Next up, starting to put it back together, sorry for lack of pics, but I was just getting it done and forgot too take more.


----------



## Pembroke36 (Aug 2, 2014)

Looking good.


----------



## deadkitty (Aug 2, 2014)

So everything has been installed, took her out for a maiden voyage yesterday. Now what is left is making the electrical purdy, also I think I am going to turn the middle side pocket into a cooler.

BEFORE



AFTER









I will add a few more pics later. Any questions, or any more pics let me know and I can answer/add them.

Thanks to everyone on this site, without you there would have been no vision and no drive to achiever a better boat. Without this site I'd be fishing in the same old boring 3 bench no storage, un-modded plain jain boat. But you guys are awesome. Thank you. Time to go catch some fish


----------



## coreythompson (Aug 4, 2014)

nice job!!!! =D> =D>


----------



## Kismet (Aug 4, 2014)

It is to be admired.  


Don't really have any use for a bimini, but just like the way they look on some boats. Nice.


----------



## deadkitty (Aug 10, 2014)

Bimini is mainly for the wife and kiddos, in all honesty it gets in the way when fishing. Thinking about adding sides and a front which would be nice, once the weather turns windy and rainy up here in the northwest.

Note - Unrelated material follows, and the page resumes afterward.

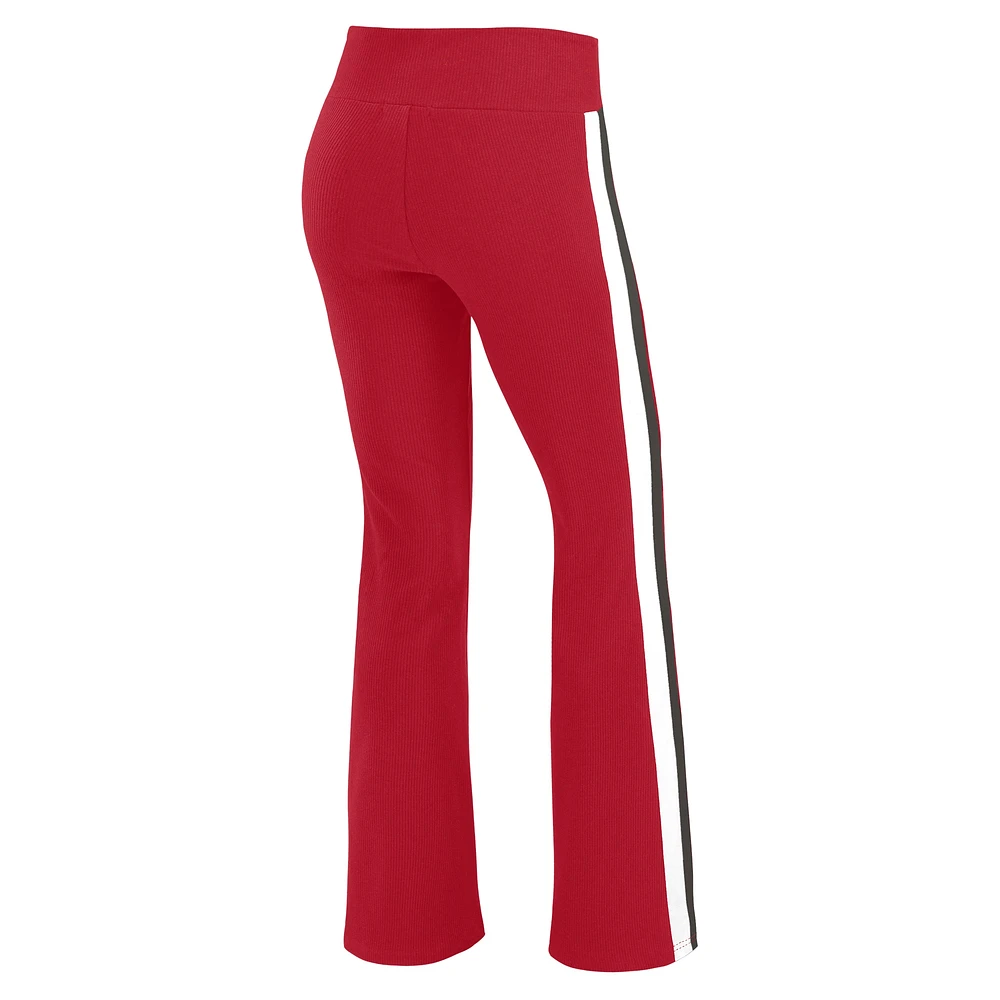 Women's WEAR by Erin Andrews Red Atlanta Falcons Yoga Pants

Got some more work done, installed the batteries, one up front, and one in the center bench, and a small one in the rear bench. I was trying to decide on a switch system or not for the trolling motor batteries, but in the end I kept it simple. 6 ga. from each battery to a quick connect in the back for my 55/lb minn kota. Also added a smaller 12v battery for the electronics, put in a master on/off switch for now just so nothing accidentally gets left on. For now it is just powering my humminbird 398ci SI in the back, and my garmin echo 200 on the bow. Eventually I will likely add lights, and maybe a stereo.


----------



## Ail (Aug 10, 2014)

I don't know if you are actually using that tacklebox as a battery box, but that's a great idea. I can pick up an old tackle box at a flea market for nothing, and then mod it to hold the battery and trolling motor connectors while closed. It will give it that pure fishing boat look without an unsightly battery and drab old black box. 8) 

Kudos on the build. =D>


----------



## deadkitty (Aug 10, 2014)

Yup, I was having a hard time finding a box for that little one, looked on the shelf, and my old tackle box is exactly the right size for the battery with room to spare for all the electrical connections and fuses.


----------



## deadkitty (Aug 20, 2017)

Welp a few years later... I'm back! Picked up a stereo at a garage sale for $5, decided it was time to add some tunes and do a full rewire of the boat. Hope to have it all finished in the next couple days.


----------



## Johnny (Aug 20, 2017)

great job

I don't know where you are from, but, the Red and Black colors
are the logo colors for the University of Georgia = GO DAWGS !!!






.


----------



## overboard (Aug 20, 2017)

coreythompson said:


> nice job!!!! =D> =D>



X2!


----------



## Stumpalump (Aug 20, 2017)

I love the pure lack of furniture grade cabinetry, lack of expensive marine chemicals, lack of spending days restoring metal work and bottom, lack of carpet and overall lack of catolog bought China crap! Valco hulls are built as good or better than most and perform near the top. Yours has the exceptional cool flair on the sides. They will keep that boat upright and dry while performing in the worst of water conditions. I just scored a good but beat up Evinrude 6 for $208 bucks that I'd love to slap on that rig just because it's the "Build of the Year"!


----------



## deadkitty (Aug 20, 2017)

I'm from Oregon, fyi. Thanks for the props guys, this has been a learning experience from the beginning, as I've had no woodworking or building experience. My main goal has been to make the most useful boat without breaking the bank. Hence no carpet (also cleaning carpet is so much more of a pain in the ass then busting out the pressure washer), expensive chemicals don't seem to have the bang for the buck in terms of how much they add to the usefulness of the boat. A little bit of goop it fixed any rivet leaks and seems to be holding up over the last 4 years. 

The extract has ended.